- **Problem statement**
Exact copies of all the lines below are required, with the pictures omitted.

- **Dataset section**
------------------------------------------------

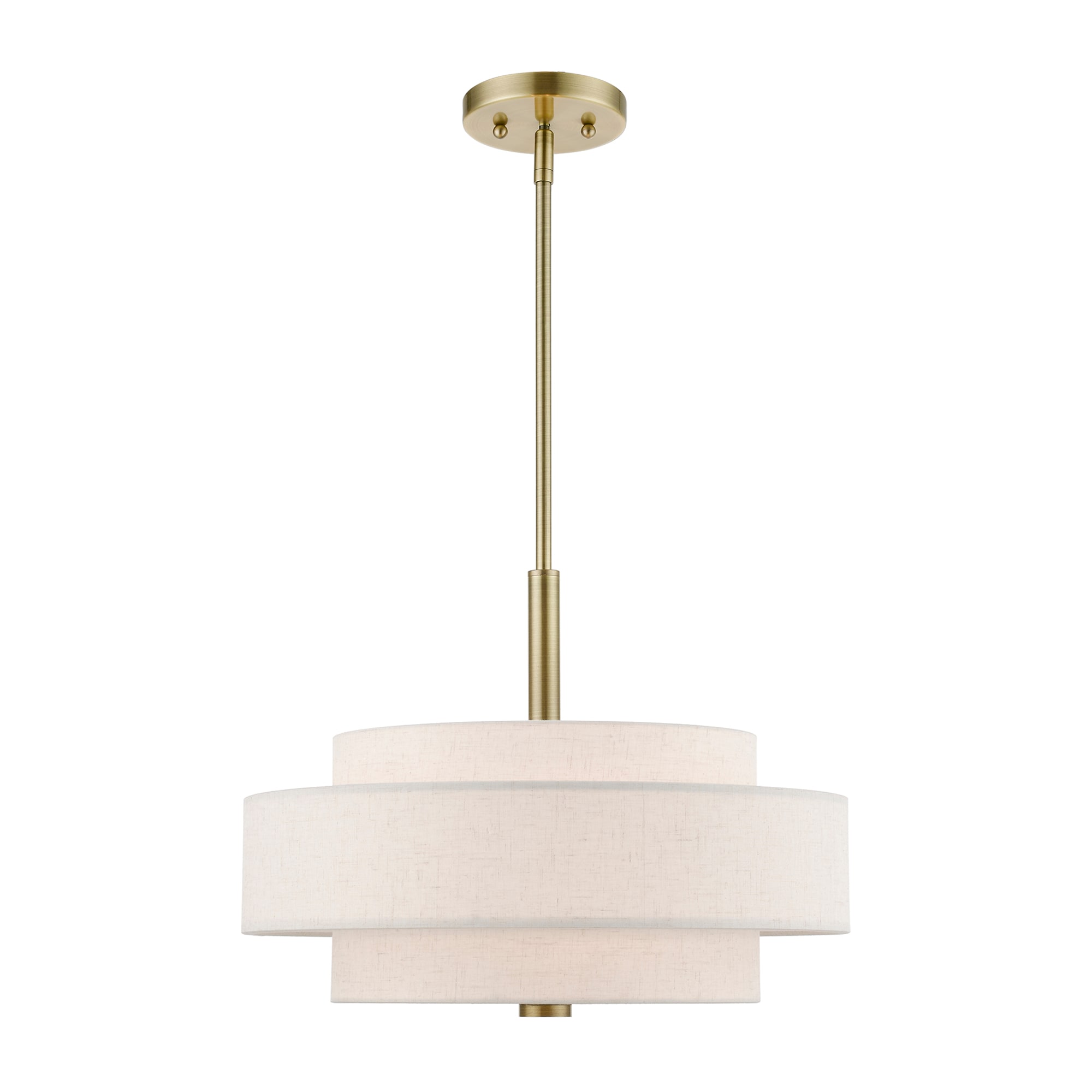 Mini Monroe Antique Brass 4-Light Drum Pendant with Oatmeal Shade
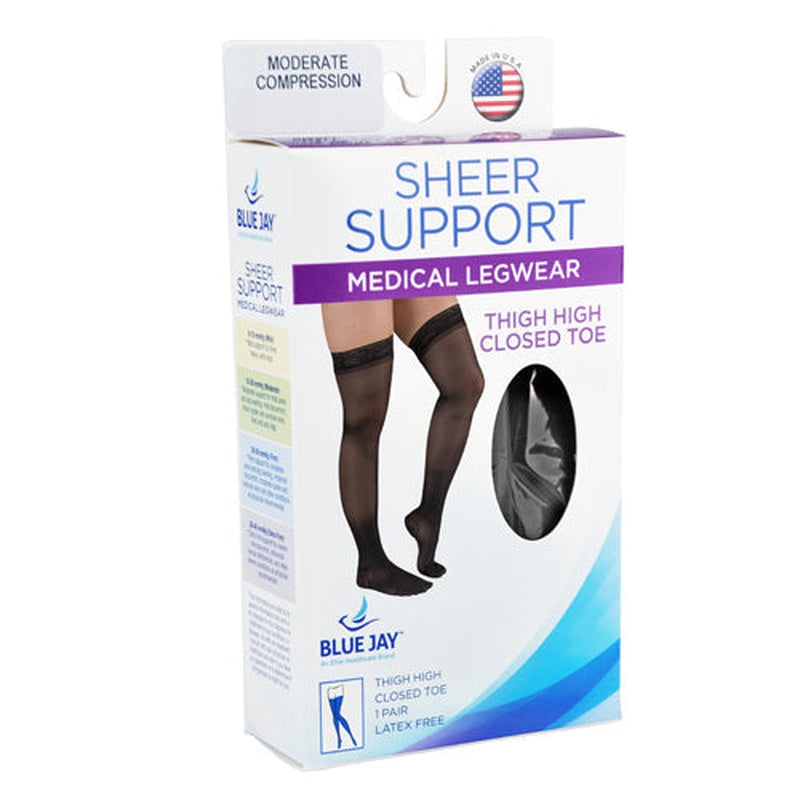 Firm Surg Weight Stkngs 3xl Bk 20 30mmhg  Thigh Stayup Top Ct   All Care Store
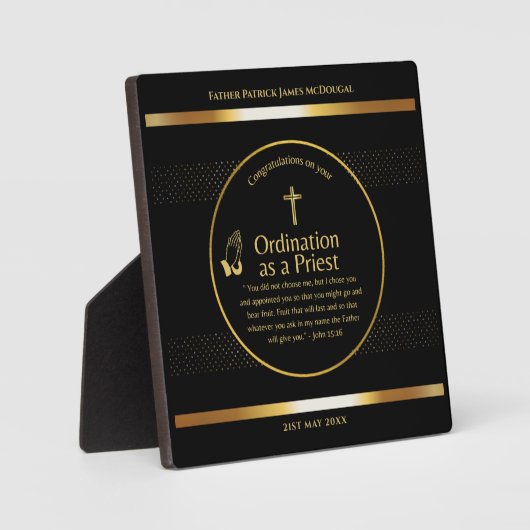 神祭司贈答牧師デアコン調整カスタム フォトプラーク (正面)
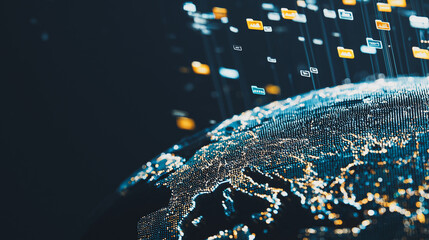 Digital Data Flow: A captivating visualization depicts a futuristic landscape of digital data streaming around Earth. The image captures the essence of global connectivity, technology.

------------------------------------------------

- **Exercise output**
 Mini Monroe Antique Brass 4-Light Drum Pendant with Oatmeal Shade
 Firm Surg Weight Stkngs 3xl Bk 20 30mmhg  Thigh Stayup Top Ct   All Care Store
 神祭司贈答牧師デアコン調整カスタム フォトプラーク (正面)
 Digital Data Flow: A captivating visualization depicts a futuristic landscape of digital data streaming around Earth. The image captures the essence of global connectivity, technology.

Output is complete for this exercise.